И они разошлись. Погас огонь в светлице, все ушли спать. А почивали ли мирным сном утомленные за день люди — трудно сказать.

10

Хутор окутала глубокая ночь, навевающая сны. Но людям не давали покоя тревожные думы. У каждого свои, и у всех об одном и том же — о дне грядущем. И ни конца ни края не было этим думам, как и темной ночи, такой молчаливой и грозной. Будто целая вечность прошла от одной переклички петухов до другой, а до рассвета было еще далеко. Может, он и совсем не наступит?

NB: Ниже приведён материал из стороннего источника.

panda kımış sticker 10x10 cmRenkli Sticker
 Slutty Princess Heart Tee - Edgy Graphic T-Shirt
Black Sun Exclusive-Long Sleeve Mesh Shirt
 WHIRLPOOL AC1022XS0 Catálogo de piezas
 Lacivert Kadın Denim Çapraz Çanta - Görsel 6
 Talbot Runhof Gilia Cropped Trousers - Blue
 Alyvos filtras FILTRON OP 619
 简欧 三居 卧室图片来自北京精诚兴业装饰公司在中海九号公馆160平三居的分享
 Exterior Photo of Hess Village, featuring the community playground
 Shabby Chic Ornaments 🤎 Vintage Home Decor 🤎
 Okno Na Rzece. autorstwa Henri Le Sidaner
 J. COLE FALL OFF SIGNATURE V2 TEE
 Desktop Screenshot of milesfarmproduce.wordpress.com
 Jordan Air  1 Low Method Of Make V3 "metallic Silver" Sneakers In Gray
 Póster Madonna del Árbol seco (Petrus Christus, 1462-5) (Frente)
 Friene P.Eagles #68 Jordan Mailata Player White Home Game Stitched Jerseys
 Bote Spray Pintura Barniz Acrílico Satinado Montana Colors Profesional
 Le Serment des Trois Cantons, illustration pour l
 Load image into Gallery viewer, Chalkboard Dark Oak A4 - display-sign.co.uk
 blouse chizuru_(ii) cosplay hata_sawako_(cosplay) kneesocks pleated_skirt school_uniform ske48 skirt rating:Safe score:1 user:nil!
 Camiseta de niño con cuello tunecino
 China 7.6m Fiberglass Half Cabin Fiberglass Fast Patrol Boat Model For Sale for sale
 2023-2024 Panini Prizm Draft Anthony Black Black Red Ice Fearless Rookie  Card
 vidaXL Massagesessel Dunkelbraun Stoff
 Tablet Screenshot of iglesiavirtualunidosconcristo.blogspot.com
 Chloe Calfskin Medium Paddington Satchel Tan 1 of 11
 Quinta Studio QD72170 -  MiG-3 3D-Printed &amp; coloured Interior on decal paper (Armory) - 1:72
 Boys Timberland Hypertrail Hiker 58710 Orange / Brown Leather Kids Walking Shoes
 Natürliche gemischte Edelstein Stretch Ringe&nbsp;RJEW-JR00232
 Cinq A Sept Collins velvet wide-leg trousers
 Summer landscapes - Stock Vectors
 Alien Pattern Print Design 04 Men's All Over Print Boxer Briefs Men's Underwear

Хмельницкому почудилось, что хлопнула ставня. Он прислушался, но его снова стали одолевать мысли, еще более черные, чем ночь. Сон все-таки наконец сомкнул ему веки, все провалилось в бездну, а мучительные думы превратились в сновидения. Вдруг от неожиданных перебоев в сердце Хмельницкий проснулся опять, поднял голову. Слышно — где-то далеко залаяла собака.

Но проснулся не только он один, в его доме уже не спала челядь, пробудилась и жена. Все они настороженно прислушивались. Теперь уже лаяли несколько собак, и все ближе и ближе. По тому, как быстро включались в этот хор новые и новые субботовские псы, можно было понять, что по хутору скачет всадник, и, может быть, не один, да и несется он, видно, так, точно за зверем гонится.

Когда же залаяли собаки во дворе, Хмельницкий встал с постели; помедлив некоторое время, наскоро оделся и, прихватив оружие, вышел в светлицу. Посмотрел в окно, но ничего не увидел, темно — хоть глаз выколи. Потом услышал, как челядник прикрикнул на собак, позвал дежурного казака, стал спорить с кем-то возле ворот, не желая открывать их, но потом все же впустил во двор нескольких всадников.

Хмельницкий почему-то вдруг вспомнил о своей встрече в Чигирине с молодым подпоручиком, увозившим на своем коне раздетую, беспомощную девушку. Дрожь пробежала у него по телу. Вспомнил он и неприятный разговор с подстаростой, который открыто обвинял старшего чигиринского урядника в попустительстве распоясавшимся ребелизантам…[15]

— Пан на баницию[16] напрашивается, хочет быть изгнанным из польских земель!.. — кричал подстароста, закрывая перед Хмельницким дверь своей комнаты.